MSeqDR/GEM.app Tutorial

Presentation:Marni Falk, MD, MSeqDR Organizer; Member, SIMD

Assistants: Xiaowu Gai, PhD

Lishuang Shen, ,

Colleen Clarke Muraresku, MS, LCGC

Elizabeth McCormick, MS, LCGC

Date: Saturday, June 20, 2015

Time: 11:45-1:15 pm

Location: Hyatt Dulles Hotel, 2015 UMDF Meeting, Herndon, Va

Welcome! Today we are going to walk you through a hands-on tutorial for using MSeqDR, GEM.app, and GeneMatcher. These databases can be utilized as tools for researchers and clinicians with real time queries, data organization, and more… all for FREE to academic users! After this tutorial you will be able to login, navigate within the database, submit, explore, and share data.

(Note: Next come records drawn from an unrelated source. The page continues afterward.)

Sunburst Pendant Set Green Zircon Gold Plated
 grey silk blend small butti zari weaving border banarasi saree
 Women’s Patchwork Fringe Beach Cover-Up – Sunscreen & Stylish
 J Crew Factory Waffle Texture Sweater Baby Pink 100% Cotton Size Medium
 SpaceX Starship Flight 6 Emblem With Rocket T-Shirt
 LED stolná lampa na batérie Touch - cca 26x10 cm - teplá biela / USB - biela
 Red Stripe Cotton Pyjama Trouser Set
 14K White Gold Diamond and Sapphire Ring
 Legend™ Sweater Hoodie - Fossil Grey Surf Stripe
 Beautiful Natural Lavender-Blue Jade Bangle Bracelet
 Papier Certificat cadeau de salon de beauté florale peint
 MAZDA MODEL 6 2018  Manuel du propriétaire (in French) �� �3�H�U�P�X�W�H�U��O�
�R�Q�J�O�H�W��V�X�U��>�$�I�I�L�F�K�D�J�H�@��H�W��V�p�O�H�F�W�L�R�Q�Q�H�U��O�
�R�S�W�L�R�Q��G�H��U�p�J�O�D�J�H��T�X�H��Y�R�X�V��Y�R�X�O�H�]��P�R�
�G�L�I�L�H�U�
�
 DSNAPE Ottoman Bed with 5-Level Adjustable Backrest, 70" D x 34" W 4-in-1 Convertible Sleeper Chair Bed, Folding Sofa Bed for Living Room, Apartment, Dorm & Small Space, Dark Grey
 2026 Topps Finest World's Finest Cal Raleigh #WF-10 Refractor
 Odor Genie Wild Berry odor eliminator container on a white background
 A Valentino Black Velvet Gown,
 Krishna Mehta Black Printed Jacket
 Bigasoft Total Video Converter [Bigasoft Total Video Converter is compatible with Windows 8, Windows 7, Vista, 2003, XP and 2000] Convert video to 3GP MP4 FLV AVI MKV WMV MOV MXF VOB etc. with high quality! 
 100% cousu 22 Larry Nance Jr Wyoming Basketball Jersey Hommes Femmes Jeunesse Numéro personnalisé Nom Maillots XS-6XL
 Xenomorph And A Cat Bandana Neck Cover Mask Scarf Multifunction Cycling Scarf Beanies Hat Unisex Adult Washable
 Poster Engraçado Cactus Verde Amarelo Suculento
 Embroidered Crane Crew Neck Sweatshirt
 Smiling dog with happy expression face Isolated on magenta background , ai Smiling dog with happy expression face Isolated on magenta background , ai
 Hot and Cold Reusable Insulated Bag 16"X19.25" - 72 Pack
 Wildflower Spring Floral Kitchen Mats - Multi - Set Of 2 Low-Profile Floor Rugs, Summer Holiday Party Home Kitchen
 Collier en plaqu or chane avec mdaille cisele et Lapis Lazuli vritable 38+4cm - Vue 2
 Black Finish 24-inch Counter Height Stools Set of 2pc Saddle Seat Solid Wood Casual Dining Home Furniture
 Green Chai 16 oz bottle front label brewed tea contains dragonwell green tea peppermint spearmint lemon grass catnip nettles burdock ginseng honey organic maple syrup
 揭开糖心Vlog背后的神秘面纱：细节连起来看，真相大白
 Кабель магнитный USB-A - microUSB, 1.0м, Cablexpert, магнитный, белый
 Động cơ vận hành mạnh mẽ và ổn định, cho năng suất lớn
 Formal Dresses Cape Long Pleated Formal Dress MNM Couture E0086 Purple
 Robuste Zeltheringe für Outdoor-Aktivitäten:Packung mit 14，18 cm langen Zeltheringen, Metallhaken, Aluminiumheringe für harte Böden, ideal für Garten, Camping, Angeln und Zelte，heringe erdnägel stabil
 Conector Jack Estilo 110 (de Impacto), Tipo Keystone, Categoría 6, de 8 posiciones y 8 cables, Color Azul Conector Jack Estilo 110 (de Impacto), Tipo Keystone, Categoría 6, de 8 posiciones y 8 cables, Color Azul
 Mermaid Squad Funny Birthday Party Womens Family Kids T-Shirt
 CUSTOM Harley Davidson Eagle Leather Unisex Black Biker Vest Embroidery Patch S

MSeqDR is described in more detail in the in the March edition of Mol Genet Metab:Falk MJ, et al.Mitochondrial Disease Sequence Data Resource (MSeqDR): A global grass-roots consortium to facilitate deposition, curation, annotation, and integrated analysis of genomic data for the mitochondrial disease clinical and research communities.

*Please keep in mind both MSeqDR and GEM.app (new version will be known as The Genesis Project”) continuously are being updated and new versions will be released.*

MSeqDR WEB PORTAL:

PERKS OF SIGNING UP!

ACCESS ON HOME PAGE; CLICK ON LARGE BOX ICONS

PART 1. MSeqDR EXERCISES

I. HOW TO GET STARTED:

  • Login at if you already have already registered OR sign in using the single login for this session
  • Username UMDF15 password Mito15

* You must login to use some tools such as submission and to see ALL data you are authorized to access by MSeqDR and from your collaborators who share data with you*

-You can “Manage Account and Data Access” - request access, grant access, and create your lab/collaborator group.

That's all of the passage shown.